Lord John Aversin—with the help of his mageborn wife, Jenny Waynest—has fought and defeated two dragons, earning the title of Dragonsbane. But there are creatures more terrifying than dragons. Demonspawn from a dark dimension have learned to drink the magic—and the souls—of mages and dragons alike, turning their victims into empty vessels. And now they've stolen John and Jenny's mageborn son, twelve-year-old Ian.
In desperation, John seeks the help of the eldest and strongest dragon: Morkeleb the Black. But the demons have allies, too: a vast army poised to plunge the Realm into civil war. In the coming struggle, Morkeleb will sacrifice what he values most. Jenny will question everything she trusts and believes in. And John will embark on a perilous quest for the only things capable of defeating such powerful demons—even more powerful demons . . .

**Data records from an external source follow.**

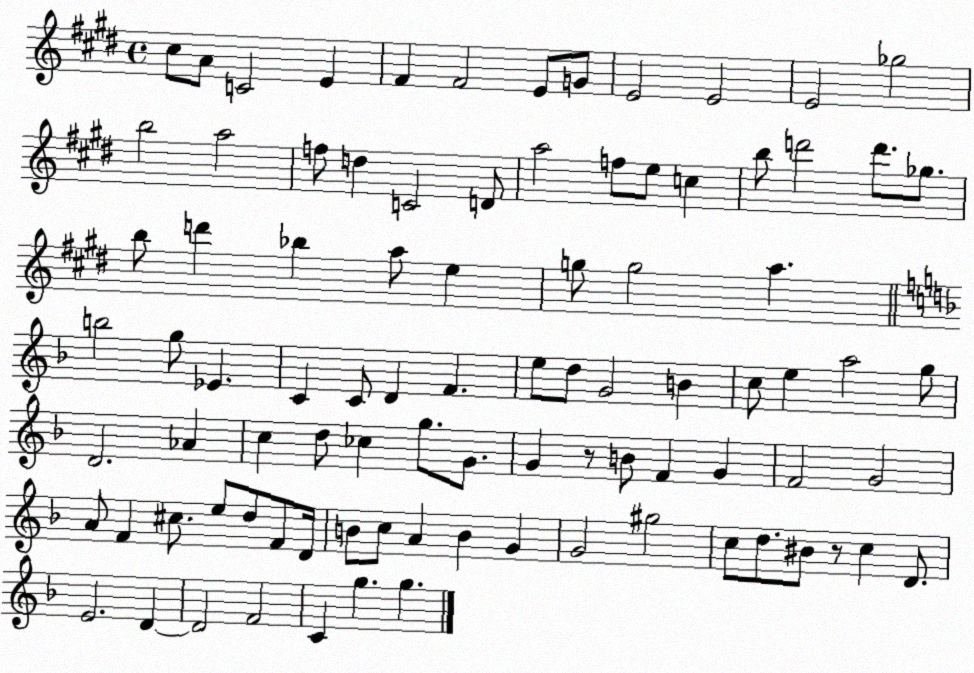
X:1
T:Untitled
M:4/4
L:1/4
K:E
^c/2 A/2 C2 E ^F ^F2 E/2 G/2 E2 E2 E2 _g2 b2 a2 f/2 d C2 D/2 a2 f/2 e/2 c b/2 d'2 d'/2 _g/2 b/2 d' _b a/2 e g/2 g2 a b2 g/2 _E C C/2 D F e/2 d/2 G2 B c/2 e a2 g/2 D2 _A c d/2 _c g/2 G/2 G z/2 B/2 F G F2 G2 A/2 F ^c/2 e/2 d/2 F/2 D/4 B/2 c/2 A B G G2 ^g2 c/2 d/2 ^B/2 z/2 c D/2 E2 D D2 F2 C g g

Relying more on strongly delineated, complex characters than on outlandish wizardry or heroism, this first-rate high fantasy is the follow up to Dragonsbane (1987), one of the prolific and protean Hambly's (Fever Season, etc.) earliest novels. Mageborn Jenny Waynest returns, along with her husband, Lord John Aversin, who long ago earned the title "Dragonsbane" for defeating two dragons. Now the couple must save the Winterlands from the menace of yet another dragon--but the real threat turns out to be worse. Demons from another plane of existence, who prey on the magic and souls of both wizards and dragons, take Jenny and John's mageborn son, 12-year-old Ian, captive. John must turn for help to the powerful Morkeleb, a dragon who loved Jenny and once gave her a dragon's body, magic and immortality--though he later returned her to mortal form when she chose to be with John. All three suffer and sacrifice as they make dark bargains to defeat their formidable foes. With its resourceful, 45-year-old heroine who must make difficult choices, face both emotional and demonic challenges and deal with the pain of her past, Hambly's novel should appeal to mature readers who seek more than flashing swords and simple sorcery. Elegant, intelligent and entertaining, this novel excels as a sequel but readers new to the story won't miss a beat.